Data360 Analyze

 View Only
  • 1.  String Percent Match

    Employee
    Posted 10-11-2019 07:56

    Note: This was originally posted by an inactive account. Content was preserved by moving under an admin account.

    Is there a experimental module or python code that can take two strings and return a % of match between them ?  I tried using the fuzzy nodes that's not what i'm looking for.  

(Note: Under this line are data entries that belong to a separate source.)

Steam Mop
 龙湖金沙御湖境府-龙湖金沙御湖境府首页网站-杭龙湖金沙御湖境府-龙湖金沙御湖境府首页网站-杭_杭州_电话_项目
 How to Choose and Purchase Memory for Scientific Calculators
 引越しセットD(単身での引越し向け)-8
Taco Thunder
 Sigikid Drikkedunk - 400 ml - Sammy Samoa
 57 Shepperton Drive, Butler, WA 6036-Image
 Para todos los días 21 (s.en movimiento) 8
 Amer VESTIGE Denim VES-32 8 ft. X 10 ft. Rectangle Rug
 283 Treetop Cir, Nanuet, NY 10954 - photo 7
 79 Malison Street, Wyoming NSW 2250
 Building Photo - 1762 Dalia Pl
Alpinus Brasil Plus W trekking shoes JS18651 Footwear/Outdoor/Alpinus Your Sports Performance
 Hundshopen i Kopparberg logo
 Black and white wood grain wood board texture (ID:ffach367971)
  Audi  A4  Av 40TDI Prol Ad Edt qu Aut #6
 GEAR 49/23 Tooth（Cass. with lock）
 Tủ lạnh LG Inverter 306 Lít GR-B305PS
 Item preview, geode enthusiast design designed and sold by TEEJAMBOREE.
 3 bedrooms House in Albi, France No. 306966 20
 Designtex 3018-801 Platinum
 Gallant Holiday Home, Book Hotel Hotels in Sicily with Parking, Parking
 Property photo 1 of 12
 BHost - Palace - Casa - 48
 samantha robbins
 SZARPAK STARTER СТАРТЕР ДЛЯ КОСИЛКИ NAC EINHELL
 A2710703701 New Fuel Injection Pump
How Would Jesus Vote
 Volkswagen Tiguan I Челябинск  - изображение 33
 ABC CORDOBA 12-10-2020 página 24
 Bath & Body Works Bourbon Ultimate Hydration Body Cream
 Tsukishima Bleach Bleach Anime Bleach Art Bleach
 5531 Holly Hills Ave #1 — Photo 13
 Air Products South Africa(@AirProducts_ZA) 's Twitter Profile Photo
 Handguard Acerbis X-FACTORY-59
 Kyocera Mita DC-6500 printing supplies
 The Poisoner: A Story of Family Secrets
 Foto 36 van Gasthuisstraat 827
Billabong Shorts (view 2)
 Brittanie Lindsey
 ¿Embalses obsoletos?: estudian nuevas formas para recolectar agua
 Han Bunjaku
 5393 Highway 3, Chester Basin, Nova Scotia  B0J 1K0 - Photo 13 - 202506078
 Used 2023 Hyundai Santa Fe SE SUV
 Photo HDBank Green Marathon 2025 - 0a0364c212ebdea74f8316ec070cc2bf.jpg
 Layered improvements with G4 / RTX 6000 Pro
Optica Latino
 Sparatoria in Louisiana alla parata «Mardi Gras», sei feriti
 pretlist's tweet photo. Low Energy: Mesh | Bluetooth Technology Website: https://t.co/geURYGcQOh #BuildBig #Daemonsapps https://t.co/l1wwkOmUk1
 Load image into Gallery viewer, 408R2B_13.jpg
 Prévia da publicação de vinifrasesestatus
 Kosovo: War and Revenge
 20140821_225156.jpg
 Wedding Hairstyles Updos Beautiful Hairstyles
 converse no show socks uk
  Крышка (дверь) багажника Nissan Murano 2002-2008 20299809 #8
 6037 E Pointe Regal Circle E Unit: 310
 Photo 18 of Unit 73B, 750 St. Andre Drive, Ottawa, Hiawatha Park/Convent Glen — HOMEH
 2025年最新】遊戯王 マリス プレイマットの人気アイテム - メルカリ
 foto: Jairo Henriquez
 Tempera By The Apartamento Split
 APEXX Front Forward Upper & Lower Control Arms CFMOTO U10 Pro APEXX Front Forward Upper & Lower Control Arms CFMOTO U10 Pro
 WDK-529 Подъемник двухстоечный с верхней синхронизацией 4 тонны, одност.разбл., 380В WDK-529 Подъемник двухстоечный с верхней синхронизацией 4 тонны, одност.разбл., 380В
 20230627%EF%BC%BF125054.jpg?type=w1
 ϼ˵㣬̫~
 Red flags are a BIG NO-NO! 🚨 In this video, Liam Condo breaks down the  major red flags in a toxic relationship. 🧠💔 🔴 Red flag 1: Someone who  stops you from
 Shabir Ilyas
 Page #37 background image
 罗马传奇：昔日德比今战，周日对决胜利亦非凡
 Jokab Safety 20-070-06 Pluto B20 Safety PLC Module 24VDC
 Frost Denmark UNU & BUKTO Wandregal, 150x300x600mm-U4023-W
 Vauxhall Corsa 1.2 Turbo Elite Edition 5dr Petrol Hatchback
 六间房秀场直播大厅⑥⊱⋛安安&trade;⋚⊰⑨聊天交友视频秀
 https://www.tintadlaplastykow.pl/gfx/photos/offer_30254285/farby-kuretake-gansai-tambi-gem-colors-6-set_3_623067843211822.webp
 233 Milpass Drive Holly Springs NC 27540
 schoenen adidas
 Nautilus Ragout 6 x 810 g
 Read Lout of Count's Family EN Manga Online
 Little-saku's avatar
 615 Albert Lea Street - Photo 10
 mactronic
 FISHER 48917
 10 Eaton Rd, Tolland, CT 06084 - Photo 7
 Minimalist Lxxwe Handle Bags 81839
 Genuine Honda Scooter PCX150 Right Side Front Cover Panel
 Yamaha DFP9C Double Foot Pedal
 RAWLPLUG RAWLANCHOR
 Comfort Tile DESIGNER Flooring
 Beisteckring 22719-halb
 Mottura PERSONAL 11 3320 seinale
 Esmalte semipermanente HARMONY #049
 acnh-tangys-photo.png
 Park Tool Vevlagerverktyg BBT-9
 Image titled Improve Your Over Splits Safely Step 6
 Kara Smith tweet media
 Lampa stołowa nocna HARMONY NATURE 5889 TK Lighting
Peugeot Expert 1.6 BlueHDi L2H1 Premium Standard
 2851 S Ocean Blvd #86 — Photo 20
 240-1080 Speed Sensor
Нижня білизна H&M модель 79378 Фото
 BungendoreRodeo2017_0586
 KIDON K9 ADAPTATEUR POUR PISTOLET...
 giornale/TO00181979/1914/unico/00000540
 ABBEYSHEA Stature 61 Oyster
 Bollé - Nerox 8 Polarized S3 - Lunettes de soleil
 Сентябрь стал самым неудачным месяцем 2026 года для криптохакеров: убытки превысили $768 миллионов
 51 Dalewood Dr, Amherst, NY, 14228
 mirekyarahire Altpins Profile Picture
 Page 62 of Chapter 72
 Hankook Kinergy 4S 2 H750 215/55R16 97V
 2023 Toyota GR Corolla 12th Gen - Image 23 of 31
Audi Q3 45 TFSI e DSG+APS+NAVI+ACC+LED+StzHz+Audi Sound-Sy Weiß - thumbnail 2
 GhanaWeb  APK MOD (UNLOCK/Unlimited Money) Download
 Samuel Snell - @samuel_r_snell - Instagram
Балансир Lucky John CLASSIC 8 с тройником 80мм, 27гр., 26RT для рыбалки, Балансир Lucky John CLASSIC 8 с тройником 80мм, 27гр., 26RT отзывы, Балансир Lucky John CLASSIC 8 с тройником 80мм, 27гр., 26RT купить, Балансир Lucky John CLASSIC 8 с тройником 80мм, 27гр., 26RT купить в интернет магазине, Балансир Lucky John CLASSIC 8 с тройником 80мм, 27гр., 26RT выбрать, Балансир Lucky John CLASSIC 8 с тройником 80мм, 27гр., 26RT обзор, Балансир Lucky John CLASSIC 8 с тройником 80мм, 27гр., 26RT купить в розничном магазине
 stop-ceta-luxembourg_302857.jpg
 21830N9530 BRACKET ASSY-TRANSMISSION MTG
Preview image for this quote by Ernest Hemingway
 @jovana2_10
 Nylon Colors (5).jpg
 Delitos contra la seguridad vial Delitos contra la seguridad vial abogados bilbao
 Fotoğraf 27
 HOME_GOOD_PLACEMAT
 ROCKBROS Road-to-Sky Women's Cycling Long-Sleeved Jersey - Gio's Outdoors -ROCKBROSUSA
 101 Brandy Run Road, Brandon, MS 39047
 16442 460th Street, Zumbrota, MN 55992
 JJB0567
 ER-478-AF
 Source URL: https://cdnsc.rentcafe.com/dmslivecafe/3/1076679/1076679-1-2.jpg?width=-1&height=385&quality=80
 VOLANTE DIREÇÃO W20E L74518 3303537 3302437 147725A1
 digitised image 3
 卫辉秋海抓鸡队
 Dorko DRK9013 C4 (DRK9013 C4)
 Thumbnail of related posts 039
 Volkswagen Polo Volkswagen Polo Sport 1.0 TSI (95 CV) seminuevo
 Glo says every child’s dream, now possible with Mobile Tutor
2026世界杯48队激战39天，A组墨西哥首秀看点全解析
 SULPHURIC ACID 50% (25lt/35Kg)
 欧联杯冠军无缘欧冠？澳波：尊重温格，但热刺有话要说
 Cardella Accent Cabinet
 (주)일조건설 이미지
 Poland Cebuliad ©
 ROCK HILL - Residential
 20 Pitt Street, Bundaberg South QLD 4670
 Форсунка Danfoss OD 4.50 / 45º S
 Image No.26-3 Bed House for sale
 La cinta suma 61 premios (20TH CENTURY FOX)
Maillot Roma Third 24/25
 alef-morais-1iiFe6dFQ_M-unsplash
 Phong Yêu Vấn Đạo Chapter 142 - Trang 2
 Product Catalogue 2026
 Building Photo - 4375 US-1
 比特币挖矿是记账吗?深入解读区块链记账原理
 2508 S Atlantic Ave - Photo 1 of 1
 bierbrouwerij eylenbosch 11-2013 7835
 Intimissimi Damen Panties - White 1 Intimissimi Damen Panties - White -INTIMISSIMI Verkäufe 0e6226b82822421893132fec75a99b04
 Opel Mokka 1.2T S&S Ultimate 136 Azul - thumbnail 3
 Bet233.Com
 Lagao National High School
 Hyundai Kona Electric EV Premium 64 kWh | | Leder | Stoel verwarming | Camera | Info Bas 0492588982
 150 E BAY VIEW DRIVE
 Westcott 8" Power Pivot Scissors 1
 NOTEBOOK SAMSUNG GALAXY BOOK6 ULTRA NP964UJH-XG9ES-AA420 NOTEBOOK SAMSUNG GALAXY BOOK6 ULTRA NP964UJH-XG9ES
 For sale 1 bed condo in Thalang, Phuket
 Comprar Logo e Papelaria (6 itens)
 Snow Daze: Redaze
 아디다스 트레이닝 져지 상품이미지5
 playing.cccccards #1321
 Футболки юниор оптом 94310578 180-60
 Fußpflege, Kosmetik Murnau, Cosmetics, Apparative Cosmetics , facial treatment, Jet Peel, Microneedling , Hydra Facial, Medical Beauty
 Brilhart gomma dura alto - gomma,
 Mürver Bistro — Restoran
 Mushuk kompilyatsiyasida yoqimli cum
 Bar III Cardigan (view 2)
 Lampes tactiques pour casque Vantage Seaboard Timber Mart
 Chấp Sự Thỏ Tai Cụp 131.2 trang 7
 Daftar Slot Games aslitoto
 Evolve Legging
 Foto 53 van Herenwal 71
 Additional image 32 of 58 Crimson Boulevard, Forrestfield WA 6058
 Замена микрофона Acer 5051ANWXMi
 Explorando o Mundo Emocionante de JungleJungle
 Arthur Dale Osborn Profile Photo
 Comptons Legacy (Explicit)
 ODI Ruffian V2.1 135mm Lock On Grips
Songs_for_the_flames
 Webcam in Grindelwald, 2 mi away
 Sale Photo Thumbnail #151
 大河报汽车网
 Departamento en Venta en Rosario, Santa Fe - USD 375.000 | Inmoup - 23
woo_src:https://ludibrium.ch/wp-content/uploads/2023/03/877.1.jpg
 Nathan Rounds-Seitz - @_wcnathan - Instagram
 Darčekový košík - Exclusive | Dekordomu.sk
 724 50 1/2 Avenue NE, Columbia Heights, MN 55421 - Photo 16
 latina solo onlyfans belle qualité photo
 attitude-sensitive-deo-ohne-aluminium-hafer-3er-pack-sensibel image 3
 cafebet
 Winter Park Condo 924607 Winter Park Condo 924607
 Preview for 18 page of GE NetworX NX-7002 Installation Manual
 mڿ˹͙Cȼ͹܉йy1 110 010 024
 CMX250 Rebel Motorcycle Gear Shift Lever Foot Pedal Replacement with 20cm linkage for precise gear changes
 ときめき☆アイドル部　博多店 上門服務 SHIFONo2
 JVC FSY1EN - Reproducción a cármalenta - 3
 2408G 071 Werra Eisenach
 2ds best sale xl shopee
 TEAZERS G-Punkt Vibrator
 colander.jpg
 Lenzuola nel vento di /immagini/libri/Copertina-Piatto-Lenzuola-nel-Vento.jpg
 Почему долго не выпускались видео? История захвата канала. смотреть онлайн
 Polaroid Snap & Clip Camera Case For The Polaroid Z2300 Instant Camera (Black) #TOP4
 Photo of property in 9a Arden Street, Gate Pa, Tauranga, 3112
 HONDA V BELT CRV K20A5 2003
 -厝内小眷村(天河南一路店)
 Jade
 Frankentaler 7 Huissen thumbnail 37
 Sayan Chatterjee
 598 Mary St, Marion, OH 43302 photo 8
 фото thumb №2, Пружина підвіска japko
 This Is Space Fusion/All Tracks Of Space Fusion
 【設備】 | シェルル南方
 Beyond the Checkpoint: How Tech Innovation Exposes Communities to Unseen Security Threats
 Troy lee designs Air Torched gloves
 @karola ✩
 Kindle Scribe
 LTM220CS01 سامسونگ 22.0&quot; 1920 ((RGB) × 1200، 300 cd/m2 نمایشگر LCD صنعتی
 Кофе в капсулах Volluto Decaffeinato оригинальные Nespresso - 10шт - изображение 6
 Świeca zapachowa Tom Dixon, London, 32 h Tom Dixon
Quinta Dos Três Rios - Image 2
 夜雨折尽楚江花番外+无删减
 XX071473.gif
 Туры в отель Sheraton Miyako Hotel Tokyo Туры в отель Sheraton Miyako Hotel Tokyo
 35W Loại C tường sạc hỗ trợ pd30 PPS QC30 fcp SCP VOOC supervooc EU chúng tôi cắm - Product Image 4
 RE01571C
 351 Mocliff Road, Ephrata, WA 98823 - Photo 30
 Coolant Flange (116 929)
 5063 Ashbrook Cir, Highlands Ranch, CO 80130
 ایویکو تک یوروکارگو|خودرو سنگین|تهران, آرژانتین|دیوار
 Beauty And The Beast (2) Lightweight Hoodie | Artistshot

  • 2.  RE: String Percent Match

    Employee
    Posted 10-17-2019 05:22

    You could investigate some of the options described in this StackOverflow post.

     

    Here is the equivalent of the first example in the post using a Transform node.

     

     

    #### ConfigureFields Script

    from difflib import SequenceMatcher

    #Configure all fields from input 'in1' to be mapped
    #to the corresponding fields on the output 'out1'
    out1 += in1

    out1.MatchRatio = float

    def strSimilar(a, b):
      if (a is Null or b is Null):
        return Null
      else:
        return SequenceMatcher(None, a, b).ratio()

    #### End ConfigureFields Script

     

    #### ProcessRecords Script

    #Copy all fields from input 'in1' to the corresponding output fields
    #in output 'out1'. Copies the values of the fields that have been setup
    #in the mapping defined in the ConfigureFields property
    out1 += in1

    out1.MatchRatio = strSimilar(fields.StringA, fields.StringB)

    #### End ProcessRecords Script

     

    Note, you may need to use the Python node rather than the Transform node if you are interested in using 3rd party Python packages.